In a
dreadful August 16, 2010, article in the perpetually anti-Catholic
Boston Globe, the paper failed to correct high-profile Holocaust
survivor Elie Wiesel when he falsely claimed that Pope Pius XII "did
nothing to protest" the persecution of Jews "under the windows of the
Vatican" during World War II.
Wiesel's claim is simply untrue. In fact, it was rebutted by the
Globe (of all places) in a posting just last year. In
a June 19, 2009, item by Michael Paulson, the paper quoted Israeli
ambassador
Mordechay Lewy:
"It is wrong to look for any affinity between [Pius] and the
Nazis.
"It is also wrong to say that he didn’t save Jews. Everybody
who knows the history of those who were saved among Roman Jewry
knows that they hid in the church, they hid in Roman monasteries, in
the Vatican itself people were hidden."
In addition, we know from Michael Tagliacozzo, "the foremost survivor
on the October 1943 Nazi roundup of Rome's Jews" and "a survivor of the
raid himself, " said Pius' actions helped rescue 80 percent of Rome's
Jews. Rabbi David Dalin quotes Tagliacozzo in his excellent book, The
Myth of Hitler's Pope.
"Pope Pacelli was the only one who intervened to impede the deportation
of Jews on October 16, 1943, and he did very much to hide and save
thousands of us." (Dalin, p. 83)
Finally, it is worth noting what the New York Times wrote in a
December 25, 1941, editorial. (Boy, the paper has changed!)

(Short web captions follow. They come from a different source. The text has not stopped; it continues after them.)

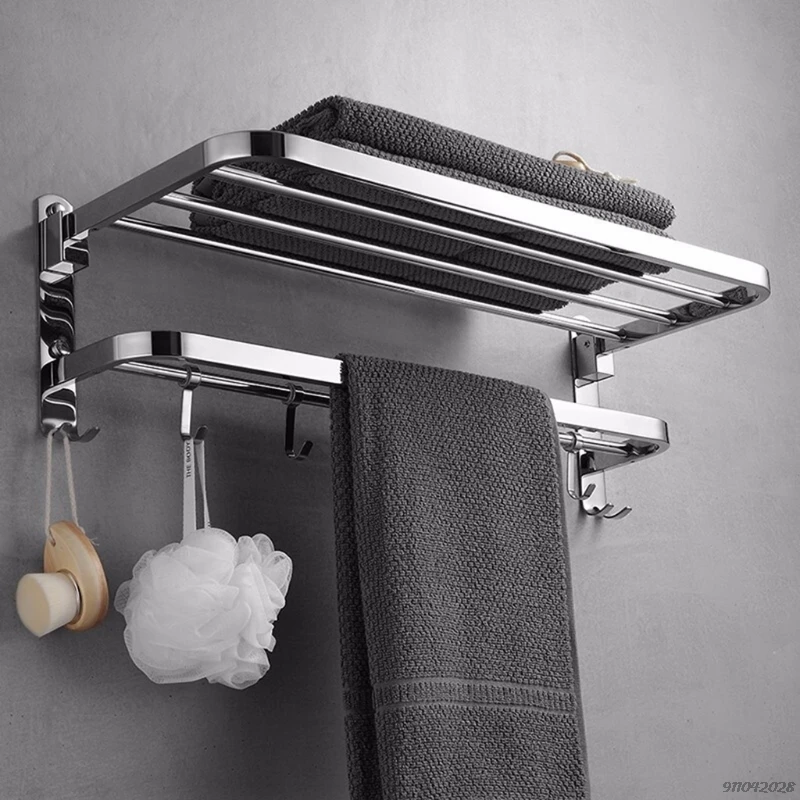 

Stainless Steel Bath Towel Rack Wall Mounted Foldable Rail Holder Punch-Free Bathroom Storage Shelf with 5 Sliding Hooks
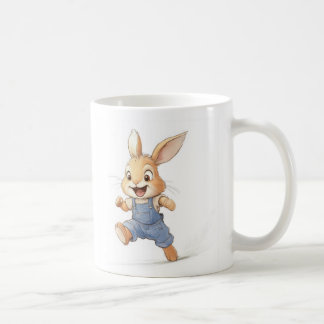 Een konijn in heldere overalls koffiemok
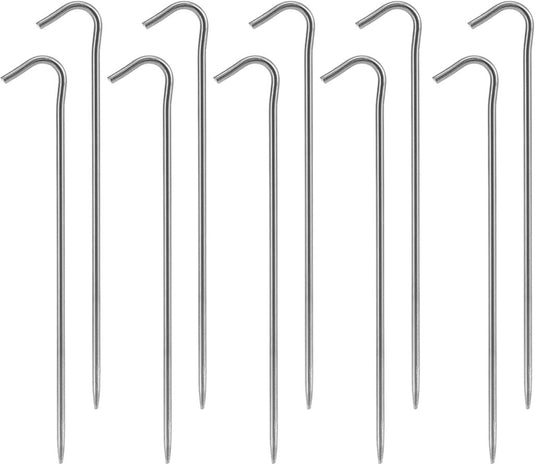 Tentharingen 6 stuks van titanium 169 mm met haakvormige kop – tentverankering – kampeeruitrusting - happygetfit.com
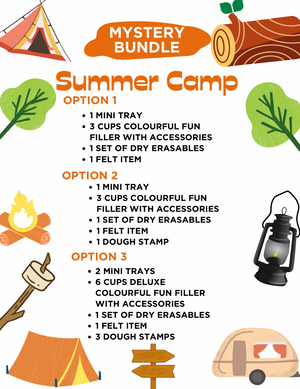 Summer camp mystery bundle options graphic with camping-themed illustrations and item descriptions in orange text
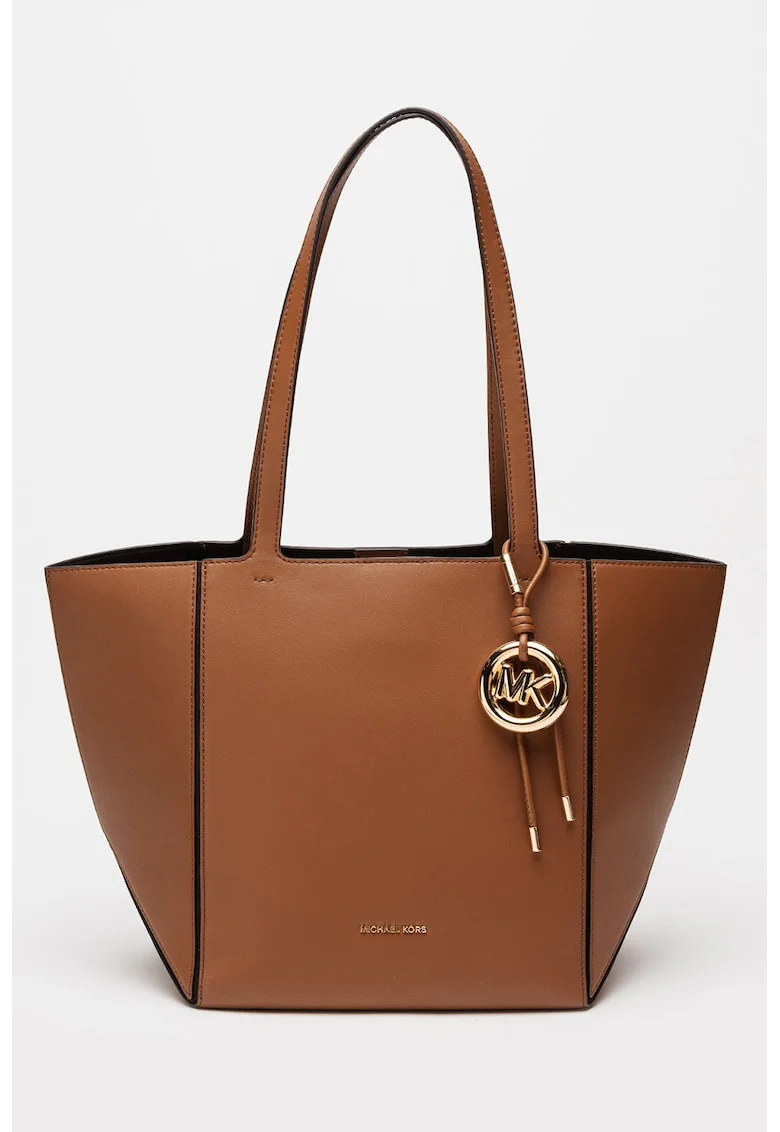 Geanta shopper din piele cu accesoriu logo Jordi, Caramel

The voice of Pius XII is a lonely voice in the silence and
darkness enveloping Europe this Christmas... he is about the only ruler
left on the Continent of Europe who dares to raise his voice at all...
the Pope put himself squarely against Hitlerism... he left no doubt that
the Nazi aims are also irreconcilable with his own conception of a
Christian peace.
Wiesel's claim about Pope Pius XII is simply false. He certainly owes Catholics
a correction and an apology.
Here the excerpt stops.